Bu yeni konjonktürün Türk siyasi hayatındaki tüm ana aktörleri değişime zorlaması kaçınılmazdır. Yeni sistemin, aktörlerin geleceğini nasıl şekillendireceğini bize gösteren sihirli bir küre olmasa da Cumhurbaşkanlığı hükümet sisteminin kimi aktörleri dönüştüreceği kimi aktörleri ise ademe mahkum ederek siyaset sahnesinden sileceğini kabul etmek gerekir.
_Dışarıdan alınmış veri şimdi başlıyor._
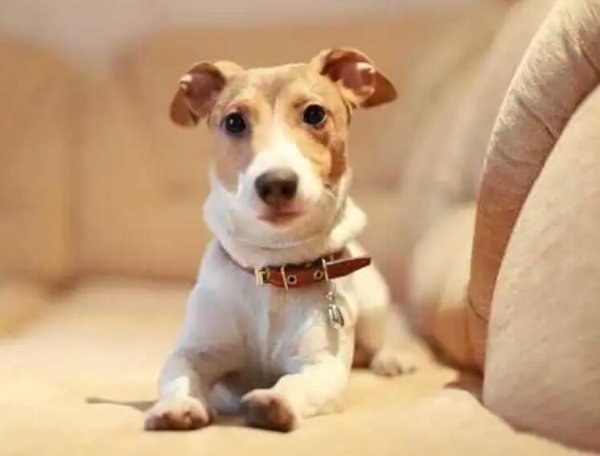 If you want your dog to live long, avoid this. The average person can live beyond fifteen years old.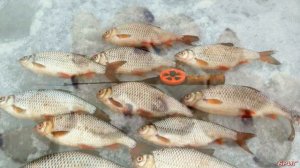 Личинка репейной моли . Отличная наживка зимой .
Siyasal Aktörlerin Dönüşümü
Yeni sistemin siyasal aktörleri nasıl dönüştüreceği analiz edilirken iki yeni parametre vurgulanabilir: Cumhurbaşkanlığı hükümet sisteminde “kimlik siyaseti”ne yer olmayacaktır. Bu MHP ve HDP’yi yakından ilgilendiriyor. Bununla ilintili olarak “ideolojik prangalar”ından kurtulamayan, halkın değerleriyle çatışan ve Türkiye’nin en az yarısına hitap eden politikalar geliştiremeyen siyasal partiler yeni sistemde hayat bulmakta zorlanacaktır. Bu da şüphesiz CHP’yi ilgilendiriyor.
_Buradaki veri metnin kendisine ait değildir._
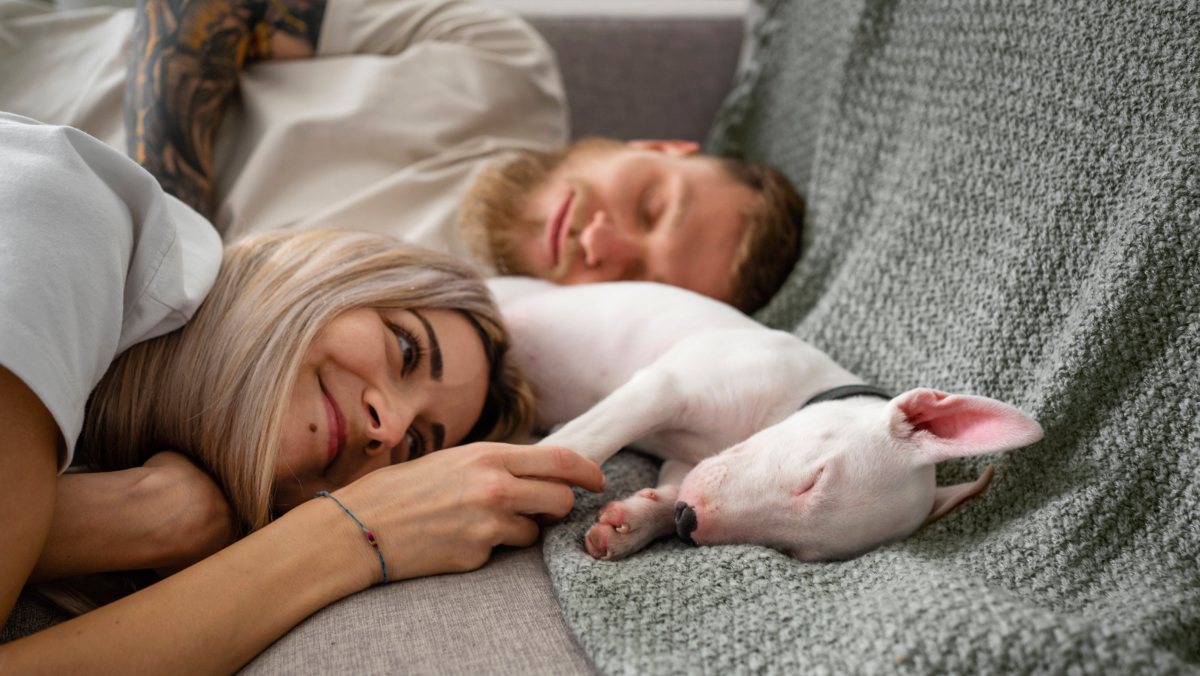 Os cães demonstram afeto pelos tutores da mesma forma que fariam com outros membros da sua matilha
Yeni sistemin CHP’yi nasıl dönüştüreceğine ilişkin bir öngörüde bulunmak gerekirse şunları ileri sürmek yanlış olmayacaktır: Parlamenter sistem CHP’nin varlığını sürdürebilmek amacıyla kendisine göre kurguladığı bir sistemdi ve halkın oylarıyla kadük hale geldi. Yeni sistemde yüzde 25 oyla iktidar ortağı olma hayali kurmak artık abesle iştigal olacaktır. Cumhurbaşkanlığı hükümet sisteminin ana muhalefet partisini dönüşüme zorlaması, orta vadede kendisine göre bir CHP oluşturması kaçınılmazdır.
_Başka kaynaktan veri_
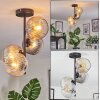 Ripoll Plafondlamp, Kogellampje Amber, Duidelijk, Rookkleurig, 4-lichts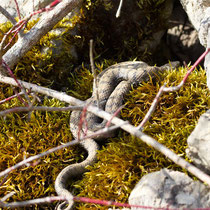 Juraviper Vipera aspis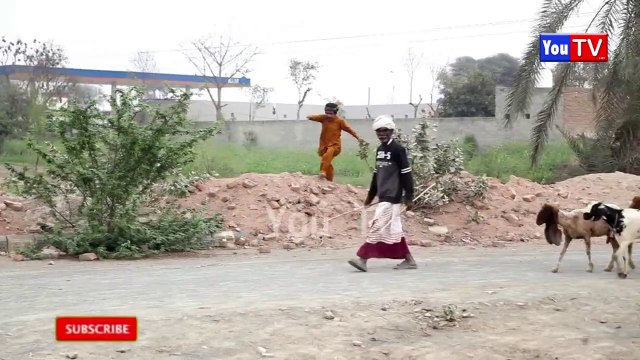 Number daar Ka Sagay Baap Se Dhoka Harami Ulad Funny Video | Most Comedy Funny Video |Numberdar Hd 2025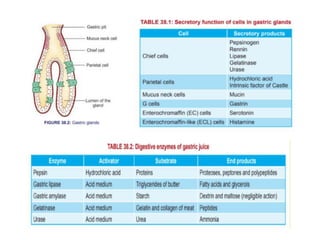 ANATOMY AND PHYSIOLOGY OF HUMAN DIGESTIVE SYSTEM | PPTX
Yeni sistemin etkileyeceği diğer parti MHP’dir. MHP için en büyük sınama izlediği kimlikçi politikalar olacaktır. MHP’nin bir süre ideolojik tercihleriyle zamanın ruhu arasında bocalayacağı öngörülebilir. Ancak yeni sistemin lokomotif iki aktöründen biri olan MHP değişime destek vererek yenilenmekten korkmadığını ortaya koymuştur.
Cumhurbaşkanlığı hükümet sisteminin AK Parti’ye en önemli etkisi toplumsal talepleri daha doğru okuması için partiyi zorlaması olacaktır. Parlamenter sistemde yüzde 40 ve üstü bir oy oranına sahip olmak siyasal partiler için önemli bir rehavet kaynağıdır. Ancak yeni sistemde yüzde 45 oy oranının bile iktidar olmaya yetmeyeceği açıktır. AK Parti politikalarını her seçimde yüzde 50 artı 1 oy alacakmış gibi belirlemek, kendini sürekli güncellemek ve daha fazla çalışmak zorunda hissedecektir. Bu anlamda Cumhurbaşkanlığı hükümet sisteminin Türkiye’ye sağladığı en büyük kazanç siyasi rekabeti ve kaliteyi artırması olacaktır.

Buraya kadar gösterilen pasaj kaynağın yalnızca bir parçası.